What needs to be done:
Nothing in the listing may be skipped; transcribe all of it as written.

Dataset records:
______________________________

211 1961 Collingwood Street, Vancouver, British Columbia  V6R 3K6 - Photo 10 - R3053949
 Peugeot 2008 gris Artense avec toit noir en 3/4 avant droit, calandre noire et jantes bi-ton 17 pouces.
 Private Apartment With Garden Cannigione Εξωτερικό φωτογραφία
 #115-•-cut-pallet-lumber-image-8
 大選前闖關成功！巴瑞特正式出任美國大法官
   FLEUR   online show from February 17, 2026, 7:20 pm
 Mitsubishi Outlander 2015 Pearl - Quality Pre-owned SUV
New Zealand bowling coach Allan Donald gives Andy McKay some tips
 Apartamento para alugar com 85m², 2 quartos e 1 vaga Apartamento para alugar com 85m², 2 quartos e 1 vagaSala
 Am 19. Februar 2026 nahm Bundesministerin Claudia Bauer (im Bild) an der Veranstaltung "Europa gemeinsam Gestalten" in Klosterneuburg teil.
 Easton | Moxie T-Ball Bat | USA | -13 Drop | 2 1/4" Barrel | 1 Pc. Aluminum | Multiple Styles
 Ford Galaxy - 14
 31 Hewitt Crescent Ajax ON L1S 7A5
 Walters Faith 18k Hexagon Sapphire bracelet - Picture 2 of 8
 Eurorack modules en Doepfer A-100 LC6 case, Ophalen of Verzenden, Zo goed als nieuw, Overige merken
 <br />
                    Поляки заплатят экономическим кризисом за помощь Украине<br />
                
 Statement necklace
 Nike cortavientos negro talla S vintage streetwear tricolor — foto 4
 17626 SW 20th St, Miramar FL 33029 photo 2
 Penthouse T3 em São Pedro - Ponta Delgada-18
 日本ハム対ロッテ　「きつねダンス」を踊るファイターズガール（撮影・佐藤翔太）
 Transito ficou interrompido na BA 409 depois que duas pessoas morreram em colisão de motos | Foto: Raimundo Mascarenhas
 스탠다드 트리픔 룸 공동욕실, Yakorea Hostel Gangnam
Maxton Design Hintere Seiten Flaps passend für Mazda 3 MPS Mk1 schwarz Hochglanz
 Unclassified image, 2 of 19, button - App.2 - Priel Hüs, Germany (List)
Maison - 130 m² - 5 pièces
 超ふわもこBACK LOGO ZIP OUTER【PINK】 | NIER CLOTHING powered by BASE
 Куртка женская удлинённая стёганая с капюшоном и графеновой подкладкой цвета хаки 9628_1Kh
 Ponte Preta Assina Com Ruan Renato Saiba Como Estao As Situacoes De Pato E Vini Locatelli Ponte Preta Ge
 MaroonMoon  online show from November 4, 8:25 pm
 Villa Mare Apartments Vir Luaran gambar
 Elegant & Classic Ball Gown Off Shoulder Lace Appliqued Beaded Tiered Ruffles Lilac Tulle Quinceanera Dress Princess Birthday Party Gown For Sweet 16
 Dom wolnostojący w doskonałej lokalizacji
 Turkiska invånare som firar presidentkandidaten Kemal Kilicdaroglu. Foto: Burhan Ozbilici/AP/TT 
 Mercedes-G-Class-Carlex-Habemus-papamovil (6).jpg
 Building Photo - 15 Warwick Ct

______________________________

Result of the exercise:
211 1961 Collingwood Street, Vancouver, British Columbia  V6R 3K6 - Photo 10 - R3053949
 Peugeot 2008 gris Artense avec toit noir en 3/4 avant droit, calandre noire et jantes bi-ton 17 pouces.
 Private Apartment With Garden Cannigione Εξωτερικό φωτογραφία
 #115-•-cut-pallet-lumber-image-8
 大選前闖關成功！巴瑞特正式出任美國大法官
   FLEUR   online show from February 17, 2026, 7:20 pm
 Mitsubishi Outlander 2015 Pearl - Quality Pre-owned SUV
New Zealand bowling coach Allan Donald gives Andy McKay some tips
 Apartamento para alugar com 85m², 2 quartos e 1 vaga Apartamento para alugar com 85m², 2 quartos e 1 vagaSala
 Am 19. Februar 2026 nahm Bundesministerin Claudia Bauer (im Bild) an der Veranstaltung "Europa gemeinsam Gestalten" in Klosterneuburg teil.
 Easton | Moxie T-Ball Bat | USA | -13 Drop | 2 1/4" Barrel | 1 Pc. Aluminum | Multiple Styles
 Ford Galaxy - 14
 31 Hewitt Crescent Ajax ON L1S 7A5
 Walters Faith 18k Hexagon Sapphire bracelet - Picture 2 of 8
 Eurorack modules en Doepfer A-100 LC6 case, Ophalen of Verzenden, Zo goed als nieuw, Overige merken
 <br />
                    Поляки заплатят экономическим кризисом за помощь Украине<br />
                
 Statement necklace
 Nike cortavientos negro talla S vintage streetwear tricolor — foto 4
 17626 SW 20th St, Miramar FL 33029 photo 2
 Penthouse T3 em São Pedro - Ponta Delgada-18
 日本ハム対ロッテ　「きつねダンス」を踊るファイターズガール（撮影・佐藤翔太）
 Transito ficou interrompido na BA 409 depois que duas pessoas morreram em colisão de motos | Foto: Raimundo Mascarenhas
 스탠다드 트리픔 룸 공동욕실, Yakorea Hostel Gangnam
Maxton Design Hintere Seiten Flaps passend für Mazda 3 MPS Mk1 schwarz Hochglanz
 Unclassified image, 2 of 19, button - App.2 - Priel Hüs, Germany (List)
Maison - 130 m² - 5 pièces
 超ふわもこBACK LOGO ZIP OUTER【PINK】 | NIER CLOTHING powered by BASE
 Куртка женская удлинённая стёганая с капюшоном и графеновой подкладкой цвета хаки 9628_1Kh
 Ponte Preta Assina Com Ruan Renato Saiba Como Estao As Situacoes De Pato E Vini Locatelli Ponte Preta Ge
 MaroonMoon  online show from November 4, 8:25 pm
 Villa Mare Apartments Vir Luaran gambar
 Elegant & Classic Ball Gown Off Shoulder Lace Appliqued Beaded Tiered Ruffles Lilac Tulle Quinceanera Dress Princess Birthday Party Gown For Sweet 16
 Dom wolnostojący w doskonałej lokalizacji
 Turkiska invånare som firar presidentkandidaten Kemal Kilicdaroglu. Foto: Burhan Ozbilici/AP/TT 
 Mercedes-G-Class-Carlex-Habemus-papamovil (6).jpg
 Building Photo - 15 Warwick Ct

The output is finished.